_Directions for this task_: Everything from the line with "Faux ongles Blanc" through the last line of the data below should be copied exactly, apart from the pictures.

_Provided material_:
= Beginning of Section =
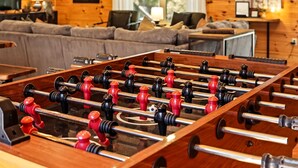 A foosball table in a room with wooden walls and a sofa. - Newly Refreshed : Knotty Pine Cabin + Hot Tub (Logan)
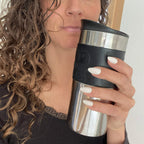 Faux ongles Blanc Crème amande courts sur main tenant une thermos à café, cheveux bouclés et tenue casual chic, ongles blanc crème naturel LYLY Nails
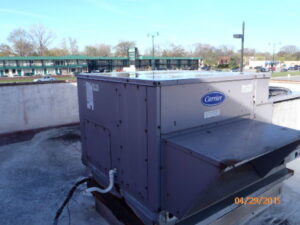 A Carrier brand commercial rooftop HVAC unit, installed or maintained by A-OK Heating & Cooling in Concord, GA.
= End of Section =
_Task result_:
 Faux ongles Blanc Crème amande courts sur main tenant une thermos à café, cheveux bouclés et tenue casual chic, ongles blanc crème naturel LYLY Nails
 A Carrier brand commercial rooftop HVAC unit, installed or maintained by A-OK Heating & Cooling in Concord, GA.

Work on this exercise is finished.